» Requirement: Retype the lines from the one containing "Juodas dėklas Samsung" through the last line of the entries below, exactly and in full, omitting every image.

Web page caption snippets:
----

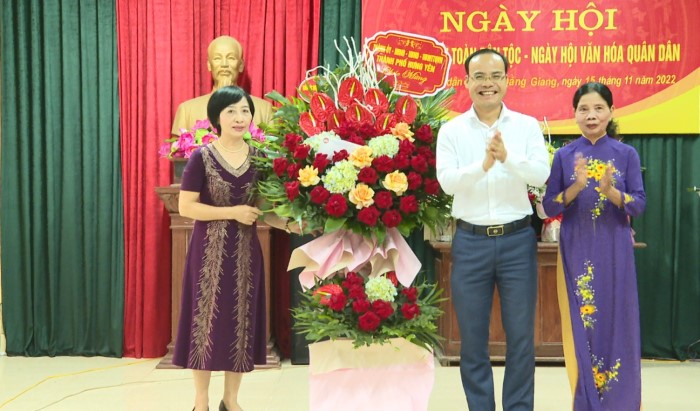 Khu dân cư Bạch Đằng Giang, phường Minh Khai tổ chức ngày Hội đại đoàn kết toàn dân tộc, ngày hội văn hóa quân dân năm 2022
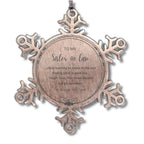 Sister In Law Christmas Snowflake Ornament Law Life is learning to dance in the rain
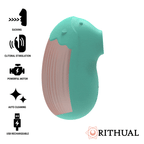 Stimulateur clitoridien Shushu aspiration vibration silicone — détail produit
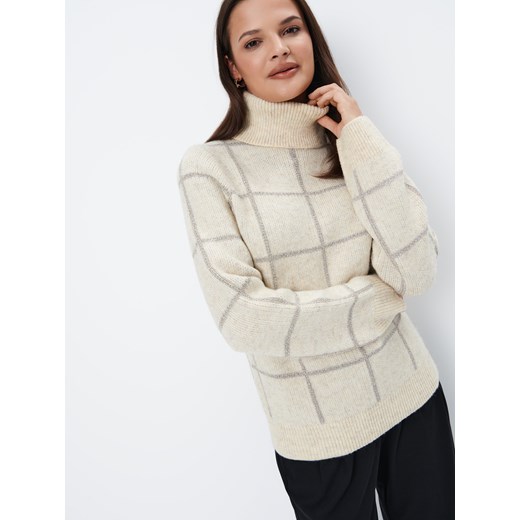 Mohito - Sweter z golfem - kremowy ze sklepu Mohito w kategorii Swetry damskie - zdjęcie 175951468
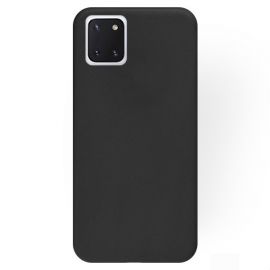 Juodas dėklas Samsung Galaxy Note 10 Lite / A81 "Rubber TPU"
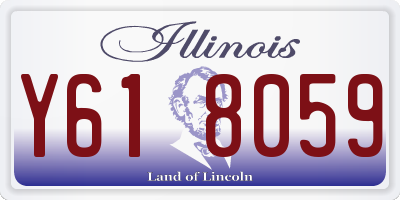 IL license plate Y618059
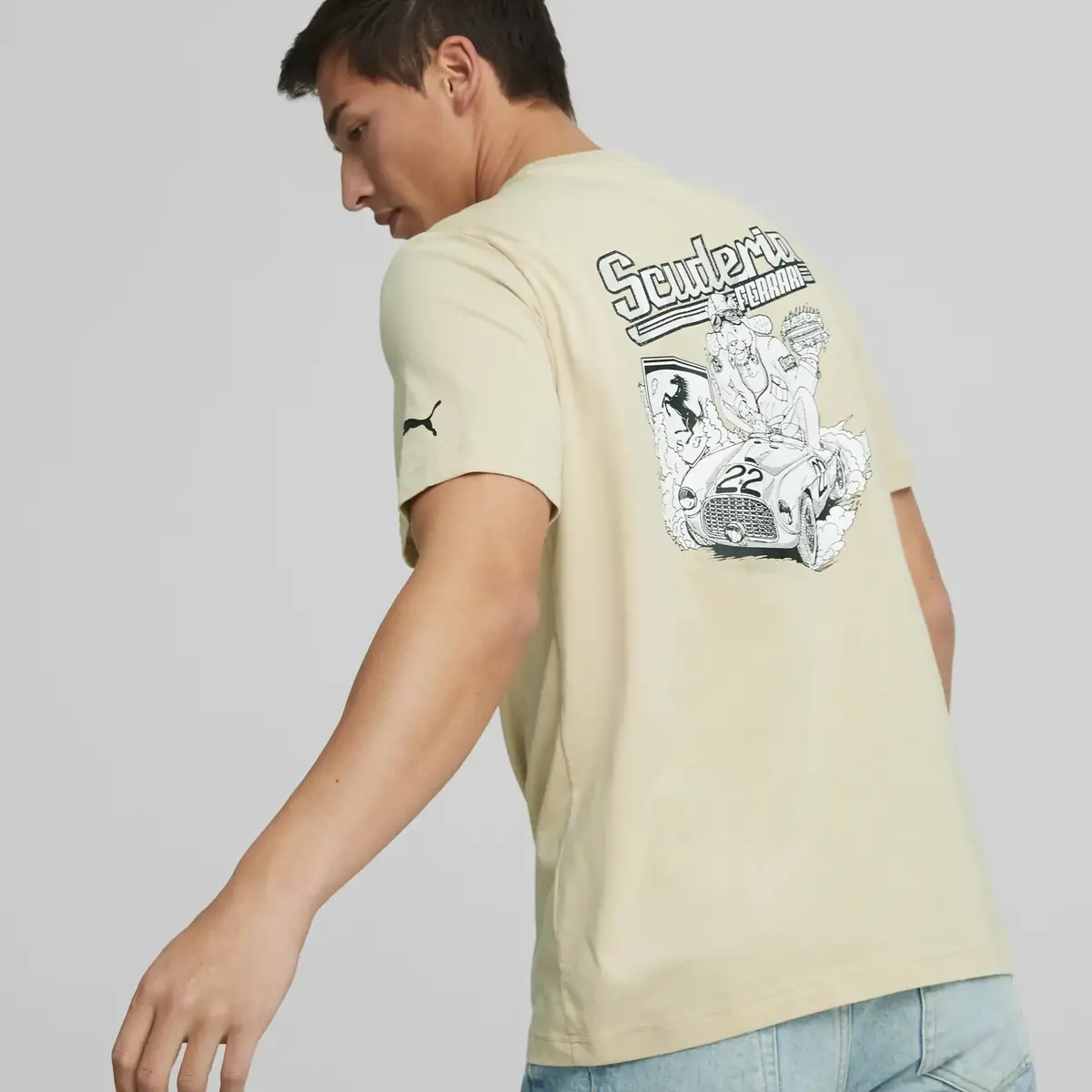 Puma Ferrari Race Graphic Tee Erkek T-Shirt & Polo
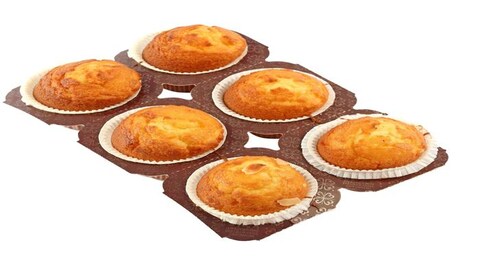 Buy Muffin Cup Cake Plain 6 Pieces in Kuwait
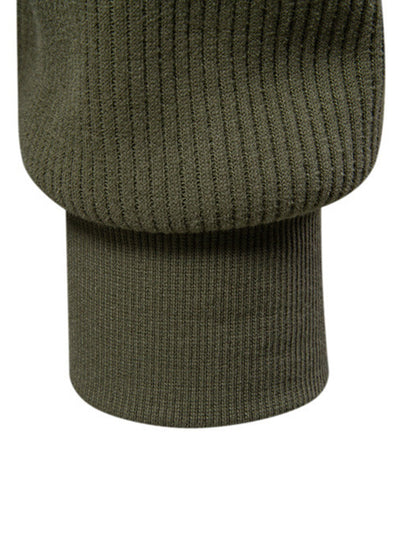 Gareth® | Ribbed Raglan Sleeve Quarter Zip Sweatshirt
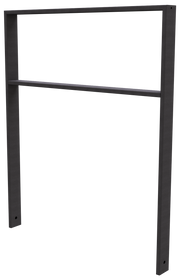 Anlehnbügel 80x 20 mm mit Querholm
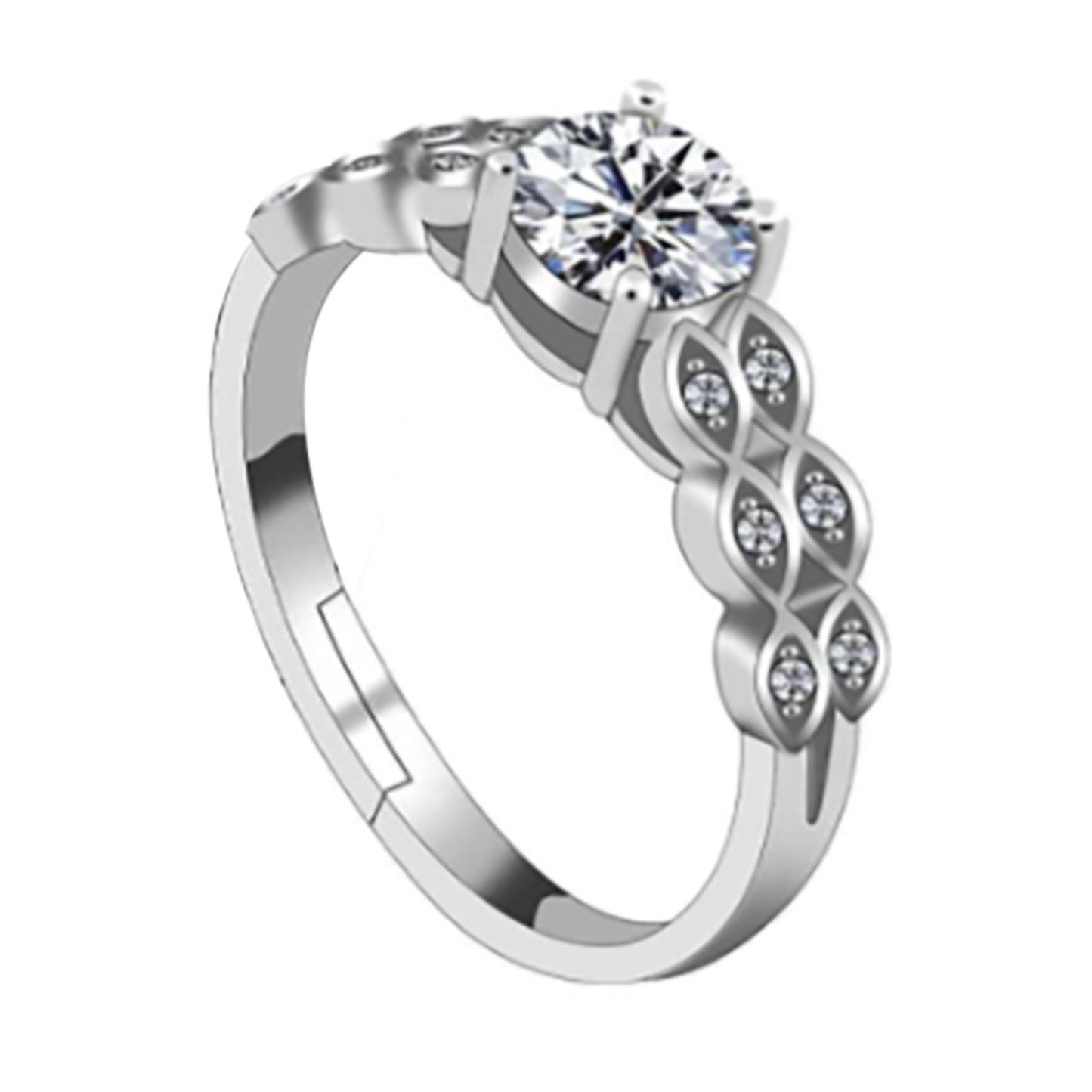 Alloy Crystal Gold Plated Multi-Layered Adjustable Ring - Quaworth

----

» Completed exercise:
 Juodas dėklas Samsung Galaxy Note 10 Lite / A81 "Rubber TPU"
 IL license plate Y618059
 Puma Ferrari Race Graphic Tee Erkek T-Shirt & Polo
 Buy Muffin Cup Cake Plain 6 Pieces in Kuwait
 Gareth® | Ribbed Raglan Sleeve Quarter Zip Sweatshirt
 Anlehnbügel 80x 20 mm mit Querholm
 Alloy Crystal Gold Plated Multi-Layered Adjustable Ring - Quaworth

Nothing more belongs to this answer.